# logic behind operation of fuel gages



## Dave Koller (Nov 15, 2008)

One question is do you have it hooked to the pack always - as I think it should pick up the time and current as you charge even if topping off.. Or Not - MY processor controlled monitor does that (DIY of my design and algorithm) .. And I really don't know much about yours (I am gonna look it up - as I have to know ) but I thought Curtis fuel gauges work that way also......


----------



## Dave Koller (Nov 15, 2008)

Well I gleaned this from a manual:

Features
1. All principal circuits are integrated in a single chip for long-life and reliability.
2. A 10-bar LED displays the state of charge successively, bar by bar, from full to empty. 
3. At 70% depth of discharge (30% S.O.C.), a flashing LED signals energy reserve alert. 
4. At 80% discharge, alternately flashing LEDs provides an "empty" status warning. 
5. The TCDL recognizes an improperly charged battery. 
6. High Voltage Reset-HVR Gauge must measure 2.35 volts per cell for 6 continuous minutes during charging. 
7. The key switch drives the LED and control pin #3. The LED does not display when the control pin #3 outputs 0V, so when pin #3=0V to shut off the electric equipment, the LED will also not display.
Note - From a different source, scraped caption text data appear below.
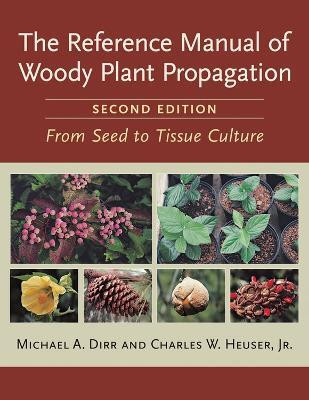 The Reference Manual of Woody Plant Propagation(English, Paperback, W. Heuser Charles)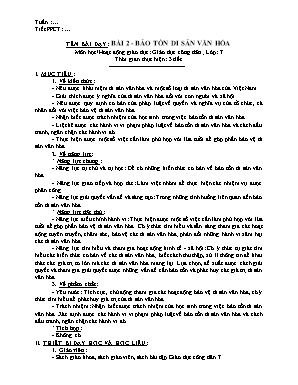 Giáo án Giáo dục công dân Lớp 7 (Sách Cánh diều) - Bài 2 Bảo tồn di sản văn hóa - Năm học 2022-2023
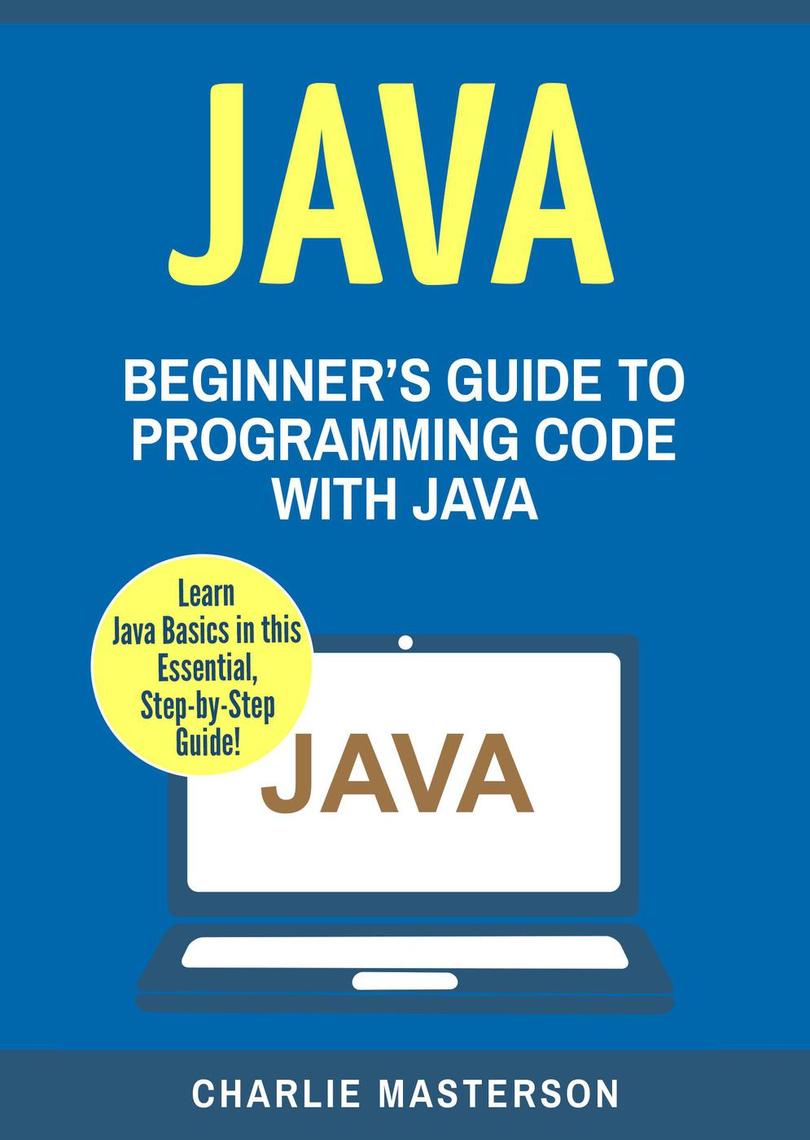 Java: Beginner's Guide to Programming Code with Java by Charlie ...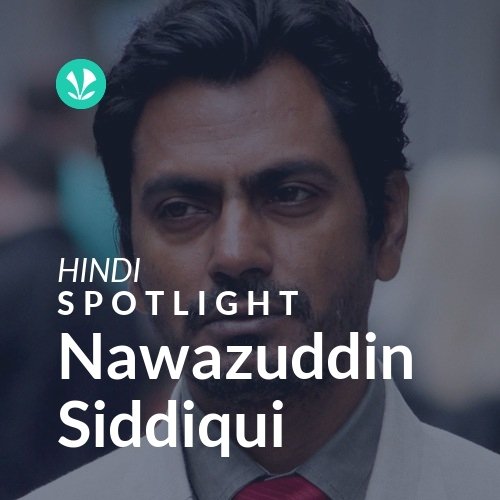 Nawazuddin Siddiqui - Spotlight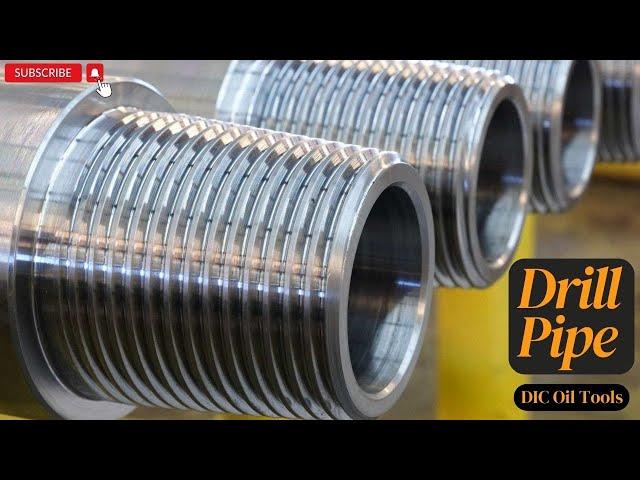 DRILL PIPE | Oilfield Equipment | DIC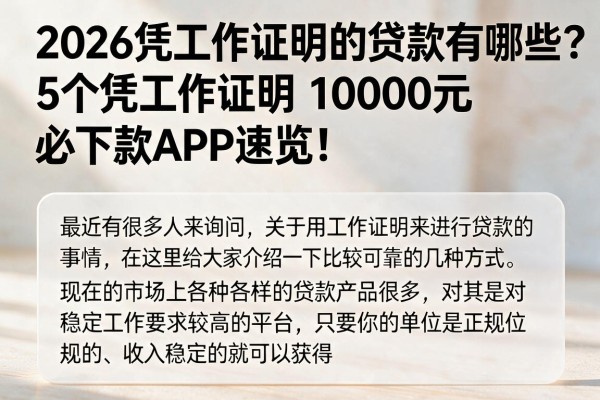 2026凭工作证明的贷款有哪些?5个凭工作证明10000元必下款APP速览!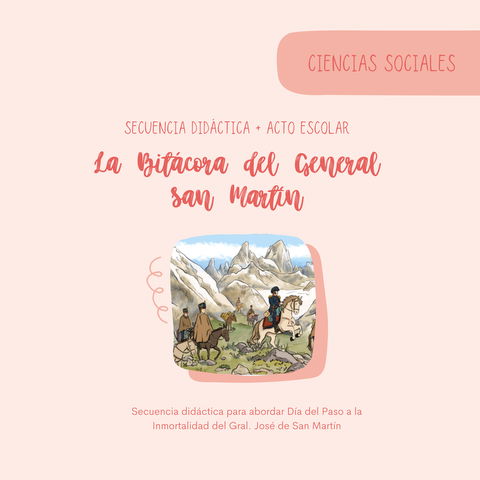 Secuencia didáctica + Acto escolar: LA BITACORA DEL GRAL. SAN MARTIN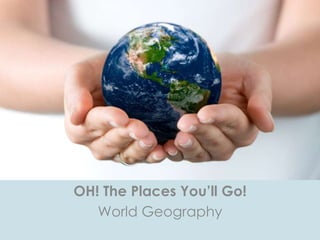 OH! The Places You’ll Go!
World Geography
 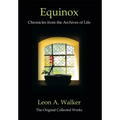 Equinox: Chronicles from the Archives of Life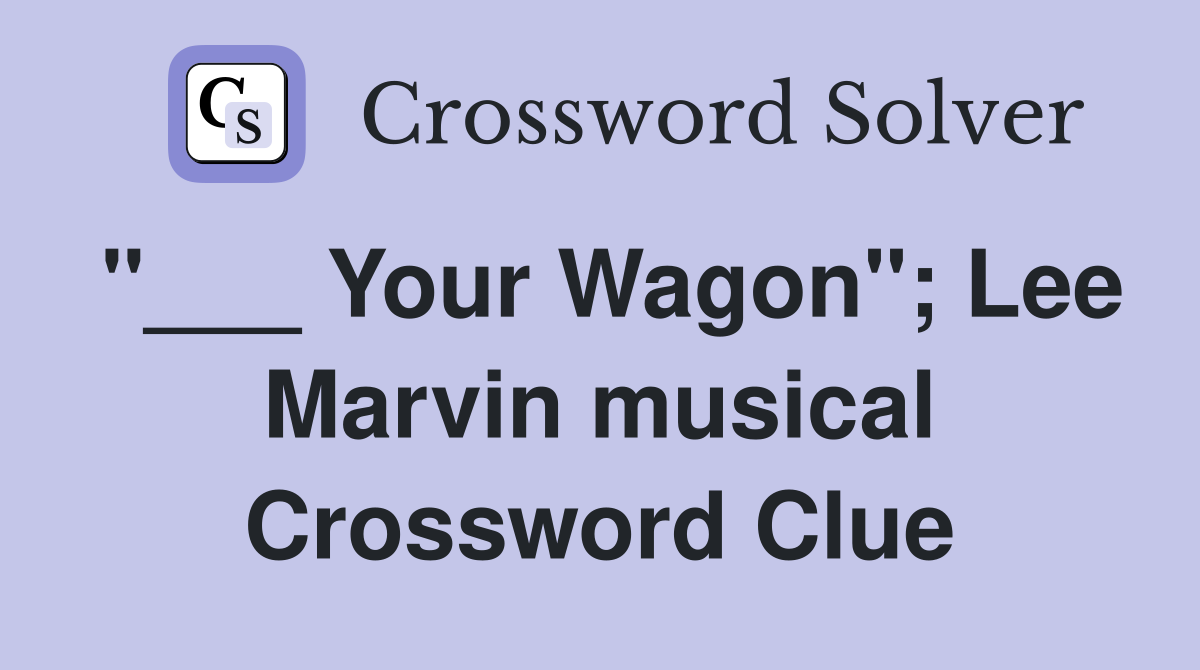 "___ Your Wagon"; Lee Marvin musical Crossword Clue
It looks like it needs to reach perhaps 70 % to trigger some reset to read charge --- 
Wonder if it WAS disconnected briefly before charge if it would reset - or  loose everything...

Perhaps someone is using one - and can tell us.. I was thinking of the same thing for my analog (ugh) gauges ( I thought it would make another way to see results than my digital!)


----------



## EVfun (Mar 14, 2010)

If it is the unit I think it is only connected to the traction pack to read voltage and there is not shunt input. It is basically an expanded scale volt meter with time averaging and some intelligence. A lead acid cell is about 1.95 volts when dead and about 2.15 volts at full charge (no load.) These kinds of meters used to be analog, but digital is easier now.


----------



## drdonh (Aug 8, 2008)

The gage monitors only pack voltage, and is always connected, other than a switch to turn the display off. I suspect there is some sore of time averaging algorithm, with perhaps programming to always calculate a decrease from the last reference point, other then the reset condition. 

That why knowing exactly what processing is going on in there would be helpful to understanding what the gage is actually indicationg. 

Don


----------



## DONEAL (Sep 10, 2008)

drdonh said:


> The gage monitors only pack voltage, and is always connected, other than a switch to turn the display off.
> 
> Don


I couldn’t find any thing in the manual either. One option may be to hook it to the contactor? Then it would reset when the contactor closed (energized) just not sure, since the Elcon is a “knock off” of the curtis there may also be specific wiring for it. Could you hook it to the contactor?


----------



## Dave Koller (Nov 15, 2008)

I am sure it is a voltage only monitor with some time algorithm as EVfun has stated. I use the shunt to monitor current and internal time clocking.. 

Something to try would be another switch (dpdt) with a resistor set to drop over-all (pack) voltage that resets the internal voltage monitor as would be the case in a low pack. BUT - that may start it at Zero and only add from the opportunity charge and you have screwed it up some more ... Hmmm, not an easy thing but even the Curtis probably works that way. Since it does NOT monitor current in and out - it is limited in its ability to be a decent "fuel" gauge!


----------